In addition, the final rule maintains a number of provisions included in the proposed rules, including an optional look-back measurement method of determining full-time-employee status and employer affordability safe harbors based on employee W2 wages, rates of pay or the Federal Poverty Level. The rule also includes many specific examples of what is and is not permissible, and this guidance was specifically requested by NAHU.
The rules released on February 10 do not address the employer reporting requirements necessary for enforcement of both the employer and individual mandate components of the law (Sections 6055 and 6056 of the IRS Code). However, a fact sheet on the final rules states that final rules are intended to simplify the employer information reporting requirements, and that proposed rules on these requirements will be issued “shortly.”

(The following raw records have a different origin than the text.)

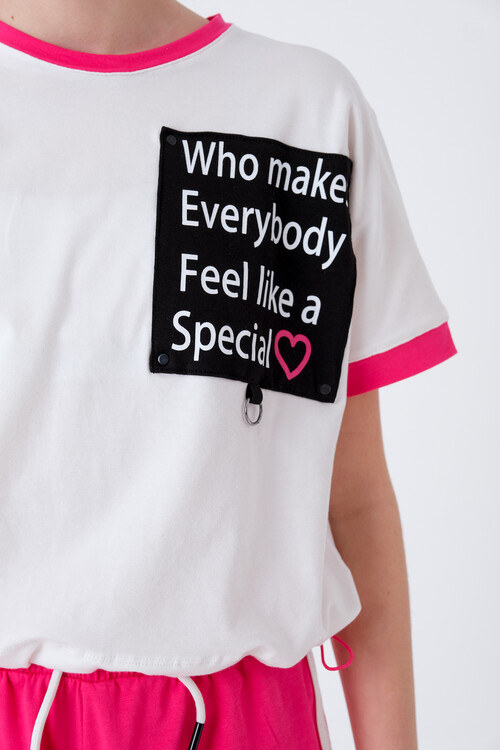 Kız Çocuk Garnili Şortlu Takım 8-14 Yaş T2047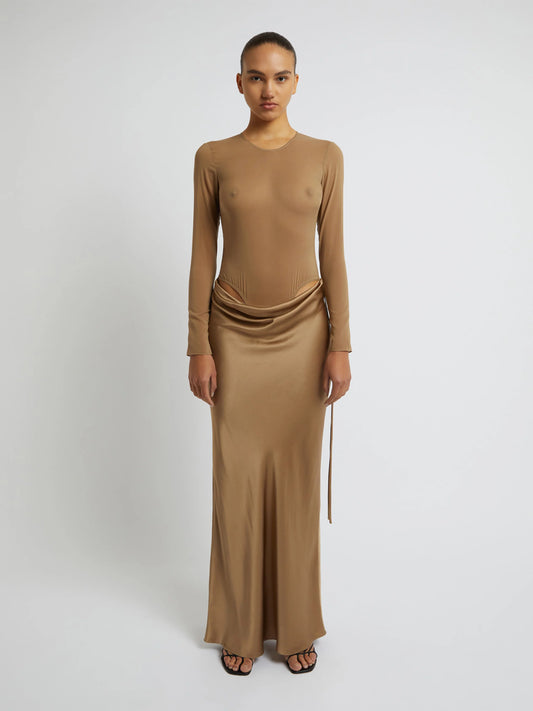 SHEER TORSO LONG SLEEVE DRESS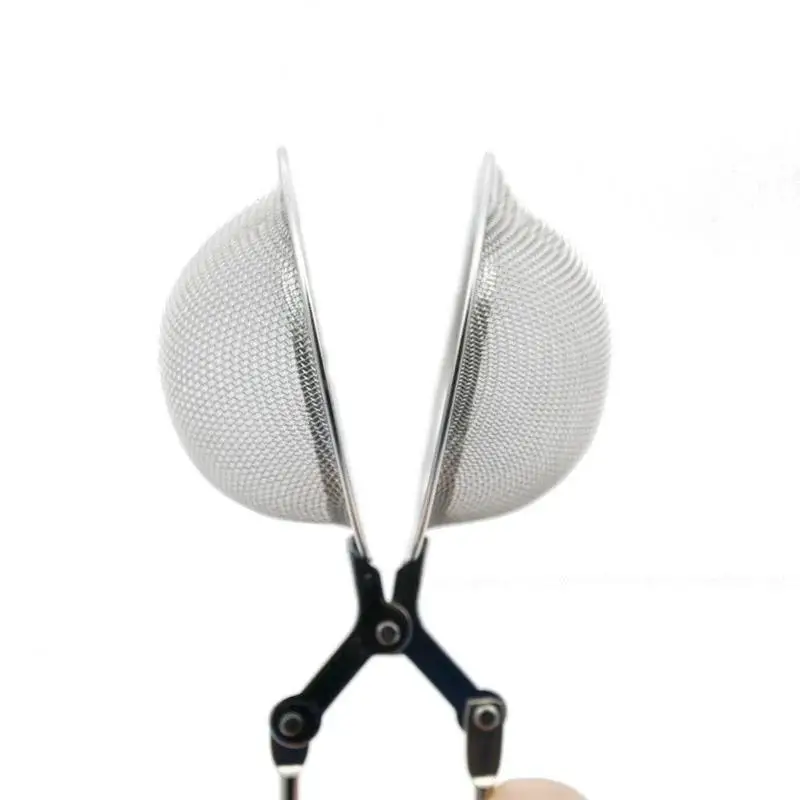 1 Pcs Home Baking Kitchenware Convenient Integrated Mesh Handle Stainless Steel Tea Filter Utensils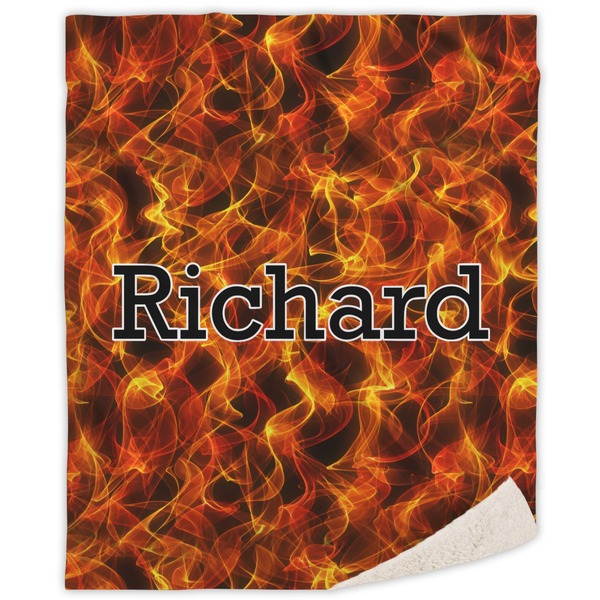 Custom Fire Sherpa Throw Blanket - 50"x60" (Personalized)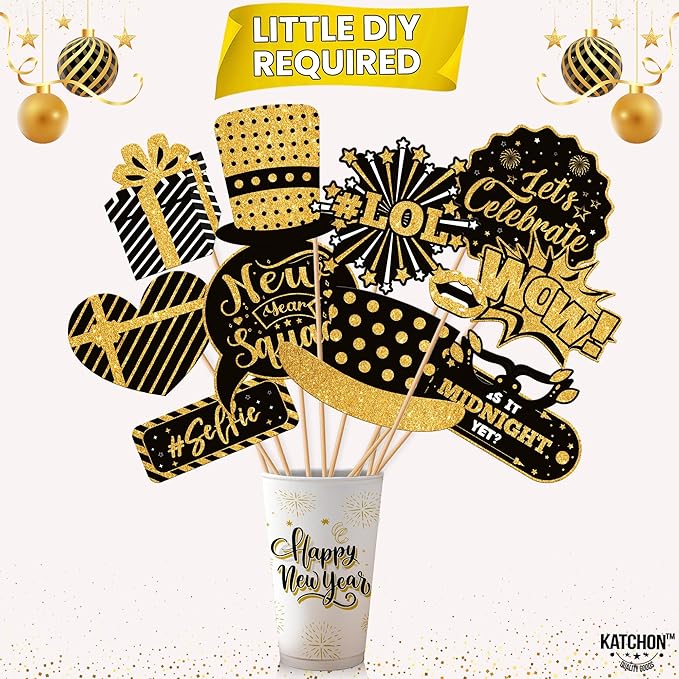 Katchon, 30 Pcs, Glitter New Years Photo Booth Props | NYE Photo Booth Props for New Years Eve Party Supplies 2026 | New Years Decorations 2026 | New Year Photo Props for NYE Decorations 2026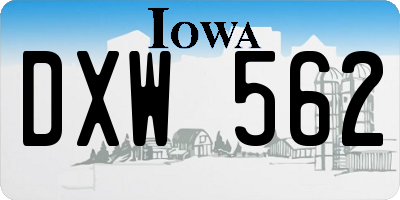 IA license plate DXW562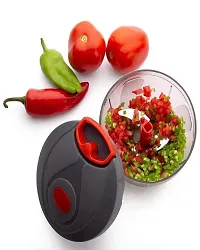 ZEBICS Big Quick Chopper Container 2 in 1 Jumbo Vegetable Chopper, Cutter with Storage Lid for Kitchen- 3 SS Blades (450ML)-thumb2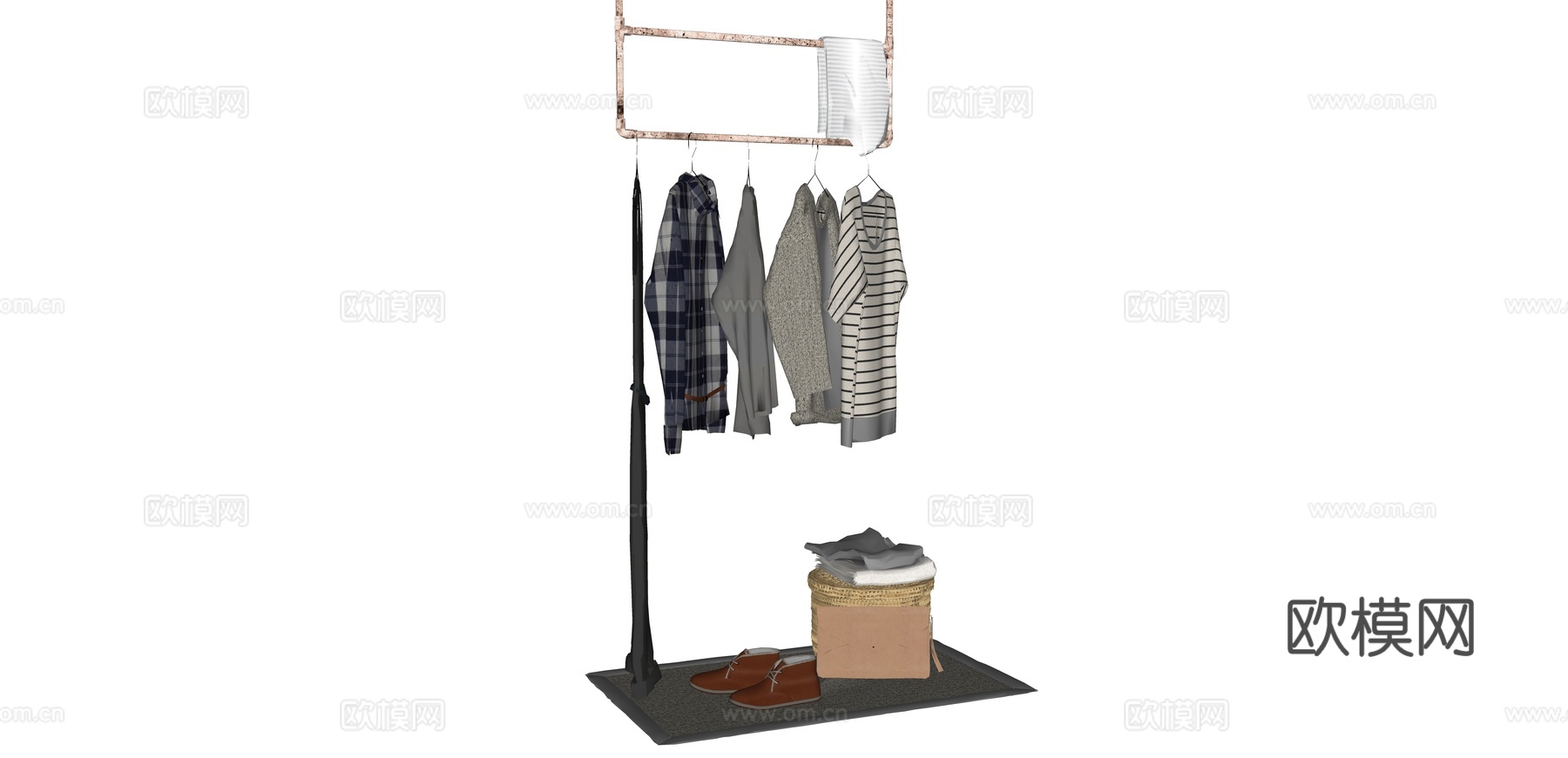 现代服装店挂衣架su模型下载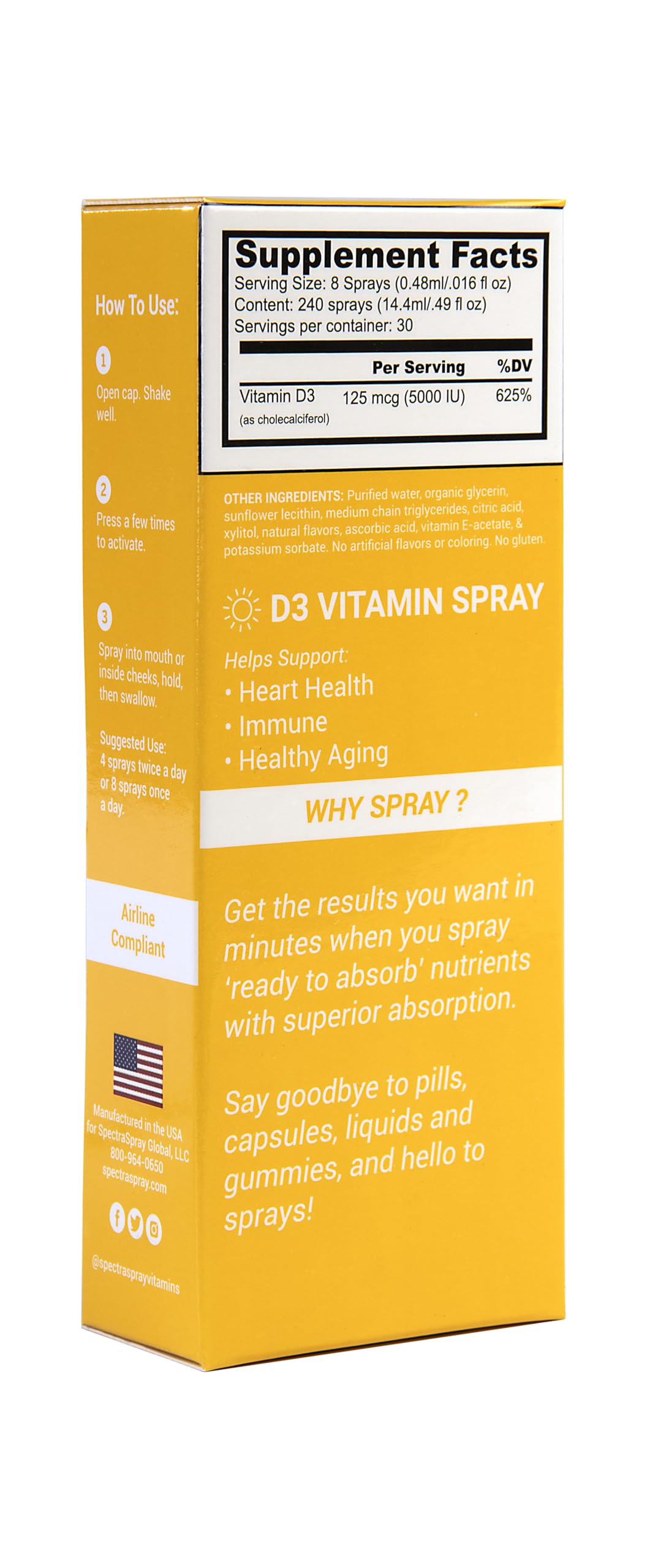 Caja y spray vitamina d3 spectraspray presentación 30 días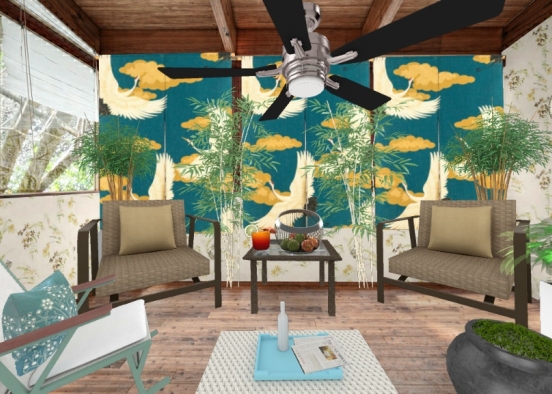 Screened In Porch With Plants Design Rendering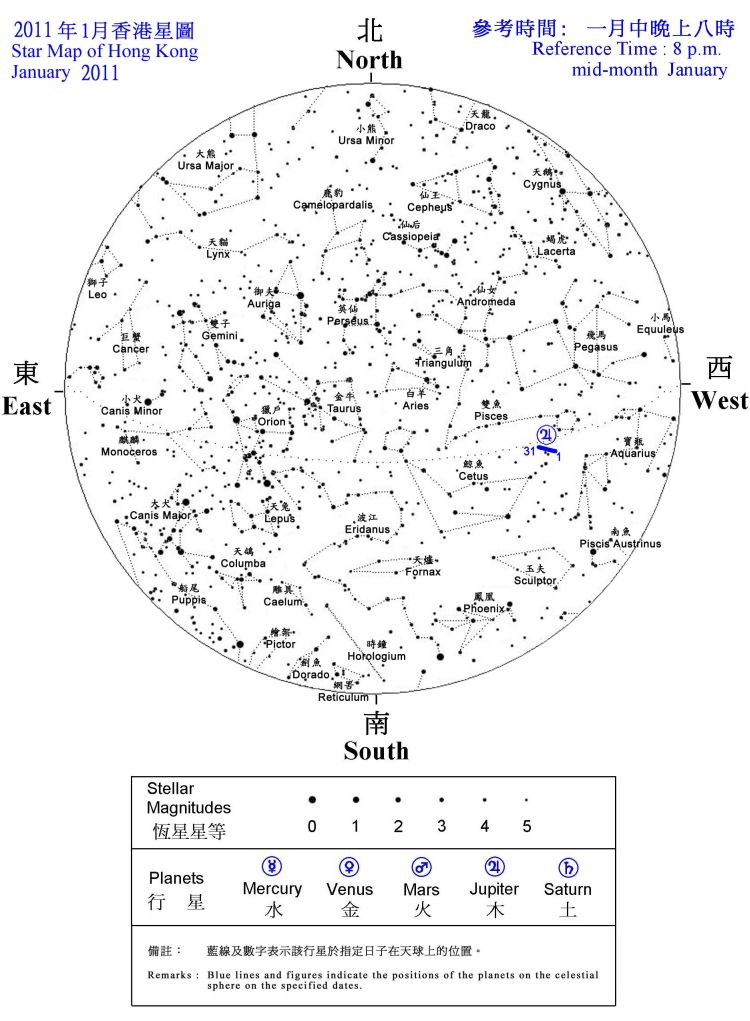 The star map during January 2011
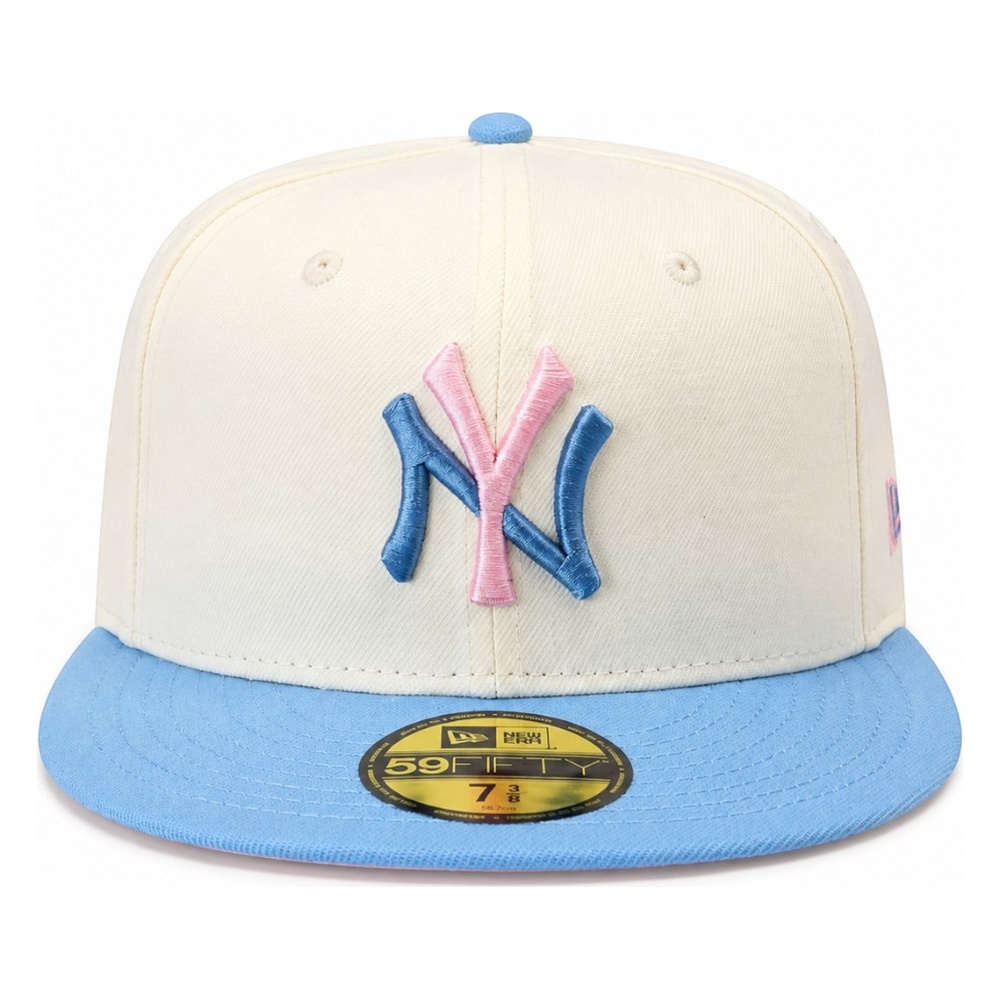 New York Yankees Chrome and Sky Blue with Pink UV Era 59FIFTY Fitted Hat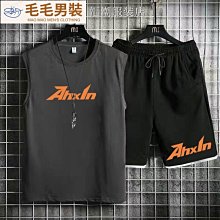 夏季運動套裝 運動背心男 純棉T恤  馬甲背心 寬鬆無袖背心  動漫 t恤   無袖套裝  T恤男 圓領t恤 休閒-毛毛男裝 歷史價格詳細信息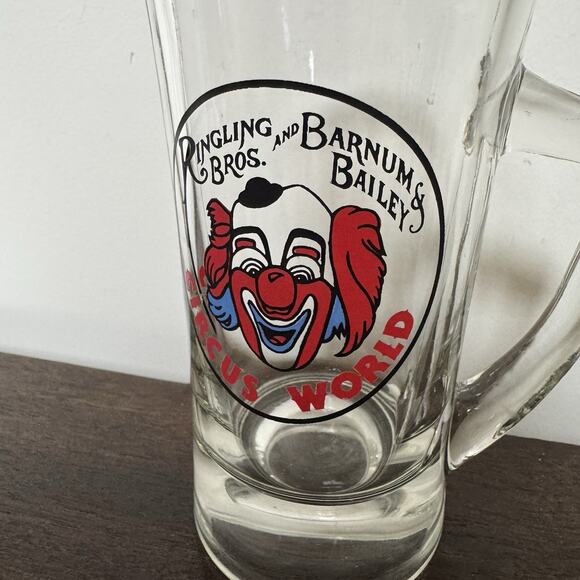 VTG RINGLING BROS. and BARNUM & BAILEY Circus World Glass Mug Stein Clown 1970's - Picture 11 of 15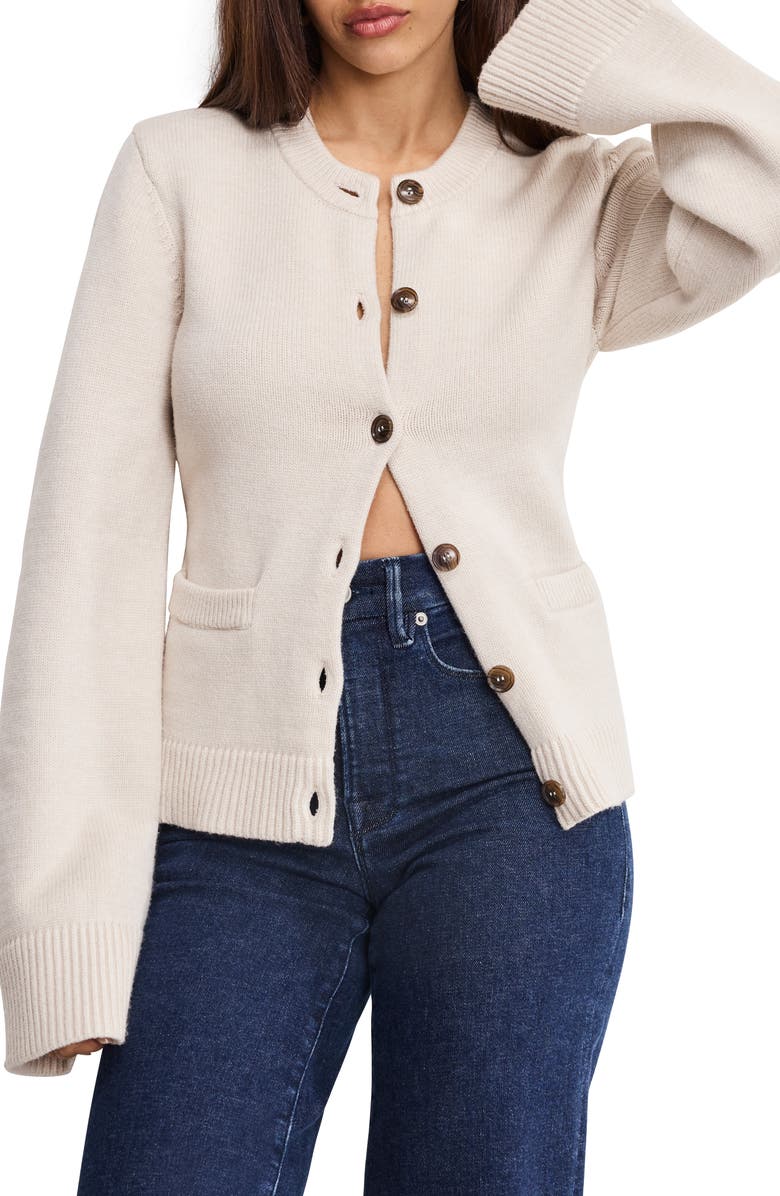 Good American Cardigan, Alternate, color, Vanilla001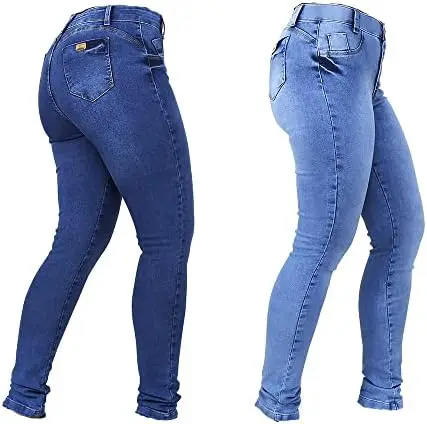 

2 Calças Jeans Feminina Empina Bumbum Cós Alto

Many in the media and other places have questioned the Obama Administration’s legal authority to make these changes to the employer mandate. Many others have suggested these changes were made for political purposes only. From NAHU’s perspective, we will leave the definitive word on constitutional authority to the courts, but do note that all presidents in recent memory have used their enforcement authority with regard to regulations broadly. There are other PPACA provisions currently not being enforced, such as the non-discrimination rules for all fully insured group plans, and the previous Administration also used regulatory authority to delay action and change requirements on health insurance-related matters, such as the HIPAA privacy rules and reimportation of prescription drugs. So while the Obama Administration may play the regulatory authority card fairly regularly, it’s a card that’s been played many times in our nation’s history. As for the view that this decision was politically motivated, we concede that few things in Washington occur for purely altruistic reasons. However, NAHU and many other groups have been asking for relief for employer clients for more than a year. No matter the reason why it was granted, we are grateful for the relief this rule will bring.